Закрыла глаза в ожидании поцелуя, но, так и не дождавшись, распахнула вновь. Я одна была… В темноте… Спиной подпирала стену и жадно хватала ртом воздух.
Что это было?! Чары. Колдовство!
Как пить дать! Аспид — злой колдун, наводящий морок!
Забилась в комнату, окошко закрыла, чтобы никто не посмел потревожить и сном забылась. Проснулась резко, опять разбуженная плачем ребёнка. Огляделась сонно — Мира крепко спала.
Подышала, мысли в порядок приводя, но так и не найдя покоя, встала с постели. Увернулась в тёплую шаль и как во сне ходящая пошла на зов невидимого ребёночка.
Пронзительный плач. И пусть в голове лишь был, да покоя не давал почти весь день. Вроде смирилась уже, что кошмары тяготили. Нет никакого второго ребёнка, и вот тебе! Опять кошмар наяву стал беспокоить!
Ох, неправы родители были, убеждая в обратном!
Шла с полной уверенностью, что сыщу малыша!
Кутаясь в шаль, мимо хоромин простолюдинов шагала, пока и у дальнего домика не остановилась. Свечка горела… Я замерла на миг, прислушиваясь к звукам, и сердца ударом возликовало: ОН! Малыш здесь плакал. И голосочек его…

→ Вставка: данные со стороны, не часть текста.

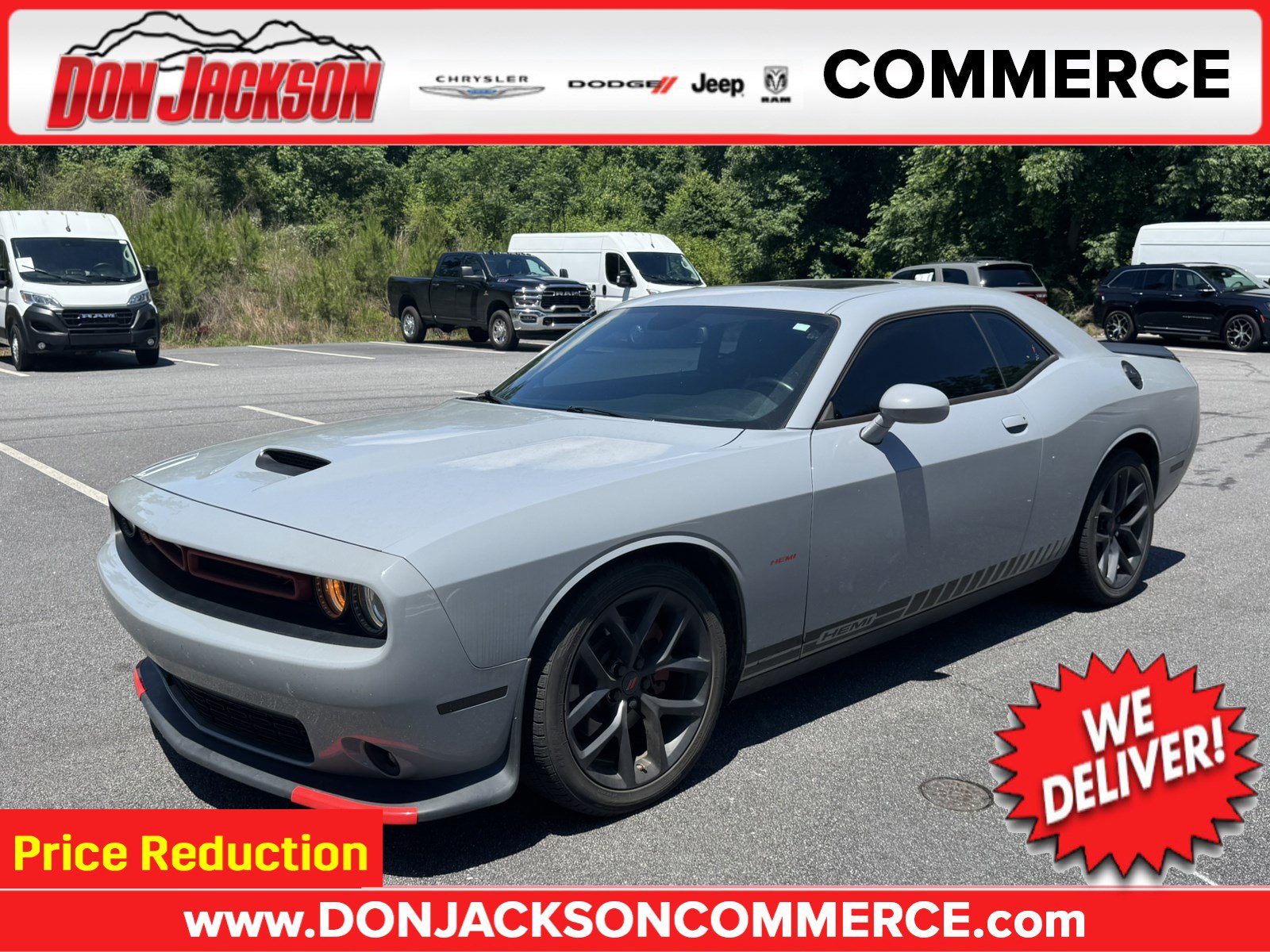 2022 Dodge Challenger R/T's photo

— Есть кто дома? — постучала в дверь, только детский голос новой третью зашёлся.
— Княжна, — ахнули хозяева. Закопошились не то кланяться, не то разбегаться от страха перед моей немилостью, не то малыша успокоить.

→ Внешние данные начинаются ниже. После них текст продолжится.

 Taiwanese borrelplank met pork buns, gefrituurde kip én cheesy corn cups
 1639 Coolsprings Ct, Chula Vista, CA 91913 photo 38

Опешила вначале — было двое… малышей. Одного девушка качала, грудью кормя, а второй, лёжа в простенькой люльке, надрывался. Голос у него был такой звонкий, будто резал кто.
— Ваши? — метнула требовательный взгляд на мужика бледного, как полотно, следом на полную бабу, покачивающую колыбельку, стараясь успокоить малыша. Дородная баба тоже взбледнула, на мужика спасительно глянула. Он на неё… Девушка глаза в пол упёрла.

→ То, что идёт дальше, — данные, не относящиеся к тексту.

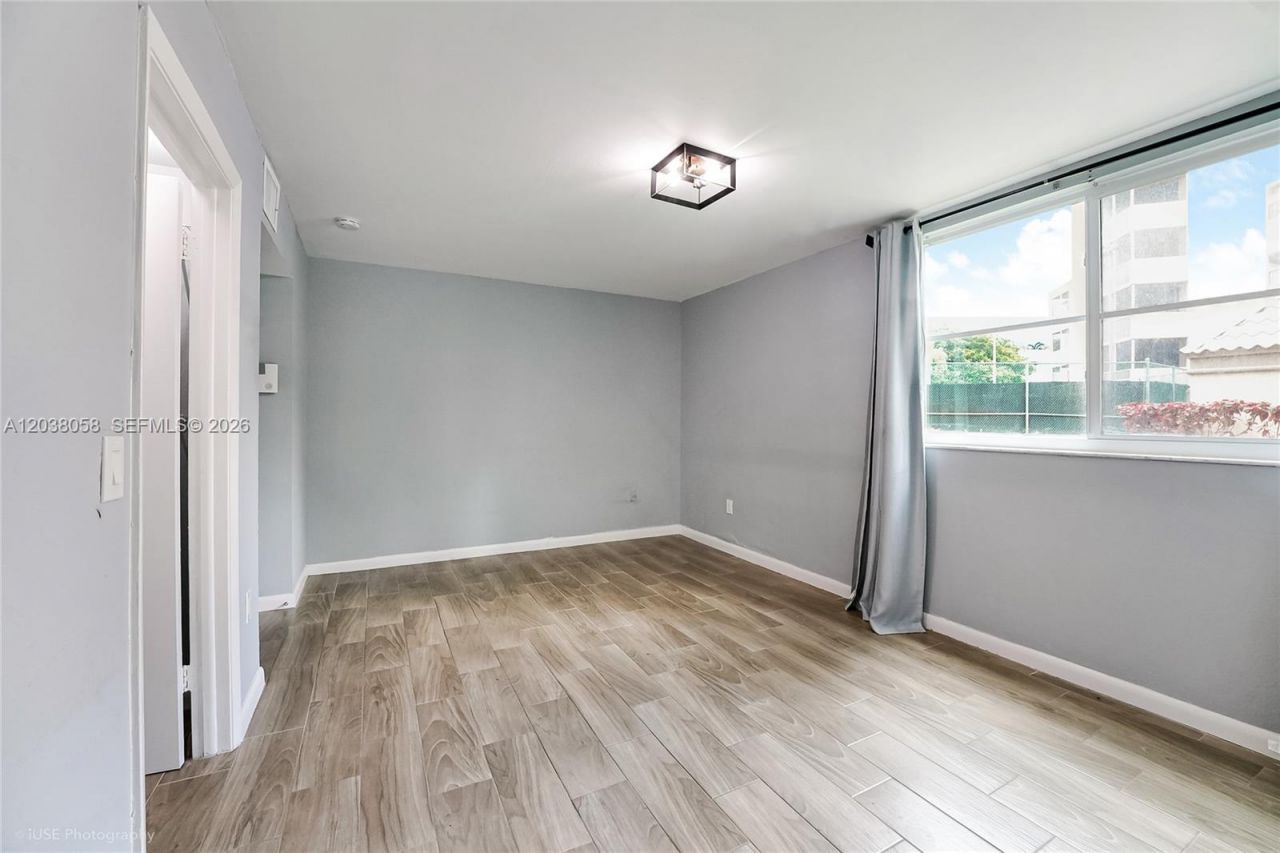8205 Lake Dr , Unit 103, Doral, FL 33166 Photo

Мило. Я подступила ближе к младенцу в люльке, а на того, что на руках качала девушка, даже не покосилась. Меня именно этот волновал.
Нашла всё же…
— Он мой! — Было рот открыла, да красивый голос с мысли сбил, а хозяев и кормилицу вместе с первый ребёнком из дому выгнал, да так, что едва в окно не повыпрыгивали, удирая, и страшась столкнуться с Аспидом.
По телу дрожь прокатилась. Сердце бешено заколотилось.
Обернулась к Дамиру, не думая робеть.
— Громкий малыш, — нарушила молчание, — так орёт, что я его даже во сне слышу…
Прищурился Дамир, криво усмехнулся:
— Горластый, — согласился, словно не услышал главного.
Не выдержала плача, к малышу склонилась. Вытащила из люльки, на руки удобнее взяла, всем нутром чуя, это ОН! МОЙ!
— Сын? — озвучила мысль.
Аспид кивнул.
Я улыбнулась. Так похорошело внутри, словно я, наконец, сыскала то самое… дорогое, что некогда утратила. Чего меня лишили, и теперь всё… Я целое!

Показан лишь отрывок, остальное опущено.